Andrew’s senior portraits were quite a project and a very rewarding one. Andrew and his family actually live in Ephrata, only a few minutes from my studio. Andrew is a top notch golfer (world class in his age group) and plans to go through college and beyond with his golf skills. While we decided not incorporate golfing directly in the portrait, we wanted something outdoors and natural. It’s really important to me personalize a portrait. We decided to drive up to Mission Ridge, where the family has spend a lot of time in years past on ski trips.
Making a quick snapshot is easy, but a well made portrait takes time, and the more you plan, the better the result. We were going for an evening session. So I decided to get up in the morning and make the drive up to Mission Ridge, taking a walk, getting the lay of the land, and a feel for the light. Then I came back to the studio and prepared for evening.
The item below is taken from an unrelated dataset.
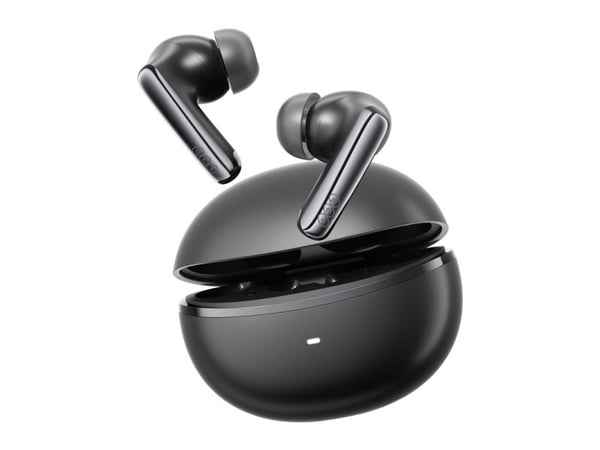Trådløse øretelefoner QCY MeloBuds N70 (svart)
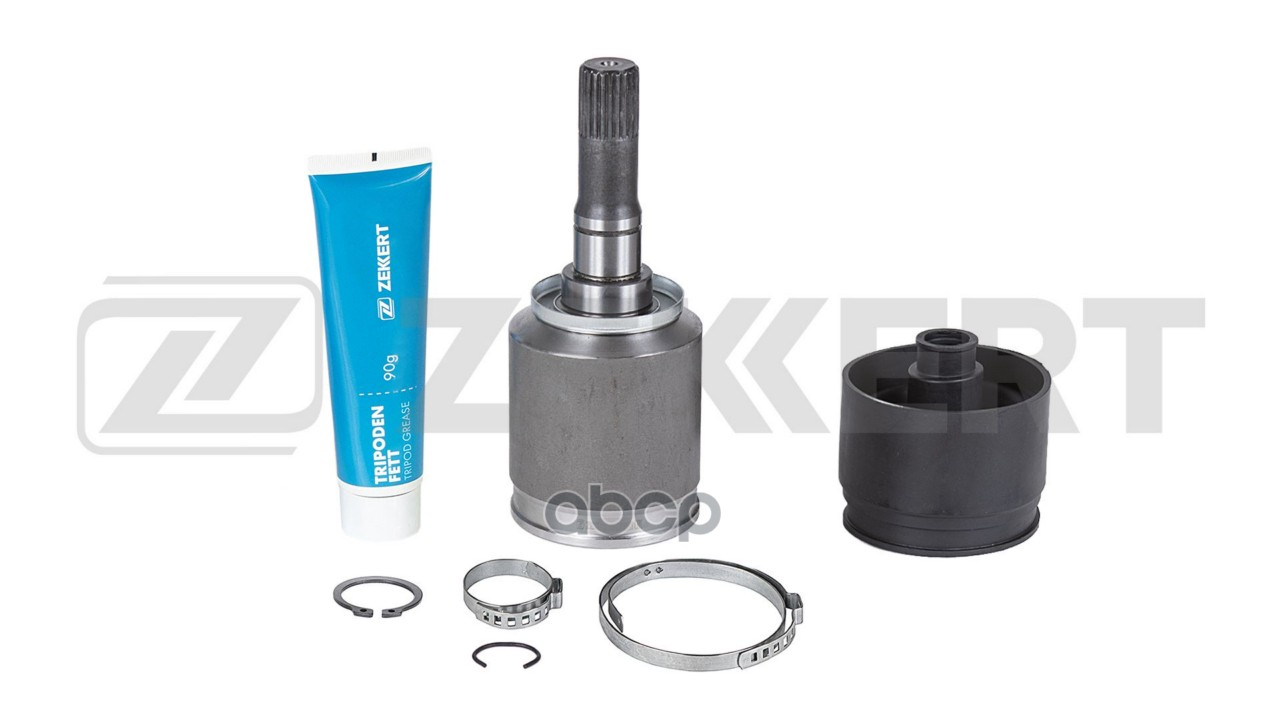 ШРУС внутренний передний левый (триподный) Lada Nadezhda (2120) 97-  Chevrolet Niva (2123) 02- Zekkert арт. gs-5669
At portrait time, I met them in Wenatchee, and we took a few warm up images at the park. Then we headed up to Mission. Light and sunset in the mountains is very different from the lowland, and it’s always an interesting challenge. But it was really a nice evening, and there were plenty of places to work, including the hibernating ski lifts and the little bridge over the creek.
During the session, I pulled out my Linhof and took my time making two portraits of Andrew with film on the bridge that spans the creek. I’ve been working with these 4×5 inch negatives lately for the amazing detail they produce, but this was the first time I used it for a portrait. It will not be the last, however, because it worked phenomenally. I did one frame in color and one in black and white, and the final image above was that one color frame that turned out to be the winner.
This is the wall portrait (above). The final edit is from a 4×5 inch negative that I developed myself. I’ve lost count of how much time has gone into this piece, but that’s OK because I’m thrilled with how the print looks. There’s detail down to the individual leaves under the bridge. This image does show a lot, but with detailed tonal work and processing, Andrew will remain the dominating subject, complemented by all the other details.
It’s going to be produced as a forty-inch canvass to hang in their home. Thanks to the detail of the 4×5, the quality of the wall print is stunning. I’m really excited about this one. But there were more. These other portraits of Andrew we’ll use for smaller prints and item. Here are a few more favorites, including the second 4×5 plate (below)…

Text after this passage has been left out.